One incident that changed my perspective is when I was in HCL, in the month of February 2012, I was working late night, it's 8:00pm and a female was sitting near cafe. She was waiting for her husband, a newly wed female. I could see her Mehendi in her hands and the red bangles in her hands. The fresh looks that she is newly married female, and the happiness of that newly married environment and life - I could see it in her eyes. She is simply waiting for her husband to pick her up. 

I was touched by her, the way she sat and the new shame and new feelings I could see it in her face and body language. So went near her said, "Hey, you look newly married, I can guess it via your appearances. Trust me you are damn beautiful. Your husband is damn lucky. I am telling you form my heart. You are very beautiful take it as a compliment and trust me."

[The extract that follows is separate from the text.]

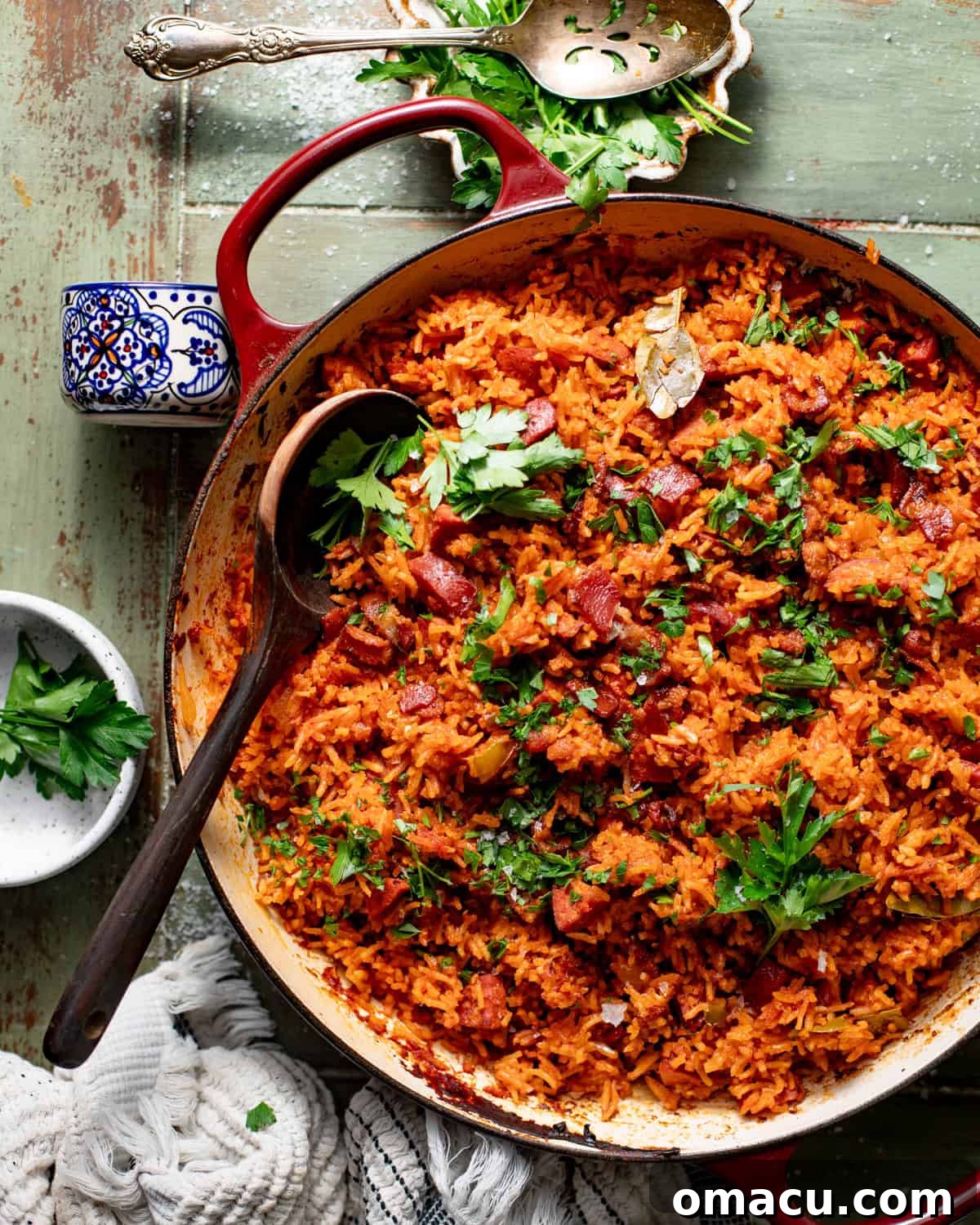 gullah red rice in a pot topped with fresh parsley with a wooden spoon scooping the rice.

She cried instantly, "Thank you it means a lot to me. Thank you, it really made my day. I believe you. I really needed it. You don't know what it means to me."

What? You are white and beautiful as snow white and you need this compliment? I felt sadness in her, no one to appreciate her beauty. Come on she is beautiful. What's wrong with you North people can't even appreciate the beauty of a female you made her feel herself so bad all her life. She lost her confidence in her and she developed a complex of not worth. You think like me, but I am black colour why you? I have right to think like that my skin is darker than yours. I am brown. In India whites are loved more than blacks or browns. Indian like white skinned females. In India racism still exists. God knows when people here grow intelligent to accomplish a brown skin female also as beautiful. But she was white. She was white skinned female. You too feel so bad about yourself. I thought to myself.

"You are welcome."

I just hugged her and left to my desk. It changed my thinking my perspective. I understand now what that means in actual.

I have seen many females not one. Their husbands don't compliment them too, God knows why. They don't even know the value of a wife. They are idiots.

Males be more kinder in your words. Compliment your female from your heart, it goes to even husbands. So misery in terms of words. Why? It doesn't cost a paisa for your kind words. Come on.
North females used to feel jealous of me. Me . . . ! That jealous took away my complex. I am not worried or concerned about my beauty now. I don't have any low self esteem with respect to my appearance. Not any more. I am confident and very sure that I am one of the most beautiful female. No offense to any other females or males.